What autodidacts must realize is that attempting to remain as close as possible to the primary source while shutting off all outside interference doesn’t strengthen the reader inwardly. If anything, it’s quite the opposite. Even leaving aside the problem of translation: you want to understand what a great mind from the past said, so you read him as nakedly as possible, oblivious to all the ideas that you yourself are imposing onto the text, including broader social commonplaces that you’ve accepted your whole life via passive absorption. The point is, the desire to read an old book always enters into one’s mind through some kind of discursive matrix, and this matrix is itself a kind of secondary source. This is why any two “fundamentalist” branches of Christianity who claim to read the Bible purely ad litteram will often have wildly different interpretations of a given scriptural passage. There is no way to avoid the fact that everyone has an interpretive lens with a distinct set of characteristics.
Some autodidacts understand this problem, and so while they maintain a mistrust of secondary sources, it’s a bit more sophisticated; more qualified. They’ll be willing to trust an analysis that (for instance) seems like it might conform to their general worldview, or perhaps they’ll search for some explicative material, but only prior to a certain year or decade, which they use as a cut-off point. This approach is better than nothing, but it has its own set of problems. For instance, certain books will be vaulted to high levels of popularity despite having little scholarly value, simply because their argument is too exciting to resist. One example is Glenn Alexander Magee’s Hegel and the Hermetic Tradition, which argues that Hegel should be understood as mainly a Hermetic thinker, focusing in large part on his influence from Jakob Böhme as well as various alchemical and occult references in his work. This book has an incredible amount of internet popularity, but its academic reception has been mostly lukewarm to bad, with just about everyone agreeing that Magee’s conclusions need to be walked back considerably in order for the research to be acceptable. All the same, there’s now an entire school of wacky “intellectual historians” on social media who have declared that Hegel was a crypto-Gnostic who invented “wokeness” with his intellectual dark sorcery, and this book by Magee has formed a major cornerstone of their thinking.

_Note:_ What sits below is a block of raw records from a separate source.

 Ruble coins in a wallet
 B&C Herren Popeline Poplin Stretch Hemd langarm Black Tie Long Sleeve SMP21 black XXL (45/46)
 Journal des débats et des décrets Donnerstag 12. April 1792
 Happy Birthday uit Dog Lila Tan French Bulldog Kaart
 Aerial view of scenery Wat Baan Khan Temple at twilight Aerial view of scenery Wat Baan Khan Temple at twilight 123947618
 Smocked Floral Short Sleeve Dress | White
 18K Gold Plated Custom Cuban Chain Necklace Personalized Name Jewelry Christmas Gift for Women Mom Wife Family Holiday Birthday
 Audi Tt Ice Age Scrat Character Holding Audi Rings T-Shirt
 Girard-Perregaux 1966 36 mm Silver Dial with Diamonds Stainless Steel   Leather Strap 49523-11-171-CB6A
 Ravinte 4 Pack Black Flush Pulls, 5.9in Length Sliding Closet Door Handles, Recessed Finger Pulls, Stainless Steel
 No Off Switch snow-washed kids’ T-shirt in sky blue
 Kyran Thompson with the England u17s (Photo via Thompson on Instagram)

All of which, I think, would be fine if it lent itself to a great work of art — some sort of powerful film, comic book, or heavy metal concept album about the life and times of Georg Wilhelm Friedrich Hegel, his work with the secret societies such as the Freemasons and the Illuminati, and his mysterious Gnostic magick practiced therein. Something like that. But instead it leads to nowhere besides crankish internet political invective that makes the LaRouchies look downright reasonable by comparison.
Within this category of autodidacts who have a qualified appreciation of secondary sources, there are also many who appreciate “outsider scholarship” simply because it’s “outside.” It opposes academia, and that’s its main merit. These “outsider scholars” are pretty recognizable. They tend to cast themselves as scrappy underdogs taking on a corrupt and/or complacent establishment, armed with nothing but their dedicated research along with an unimpeachable love of the truth. This kind of narrative framing works well as a tactic to get the reader excited, allowing the otherwise dry process of academic research to turn into an exciting first-person detective caper. So it’s often used because it sells books. It moves units. (One of these authors actually first published her findings under a legitimate academic publisher, but then wrote a popular version of her research in which she still plays this outsider role — it’s just too effective to pass up!)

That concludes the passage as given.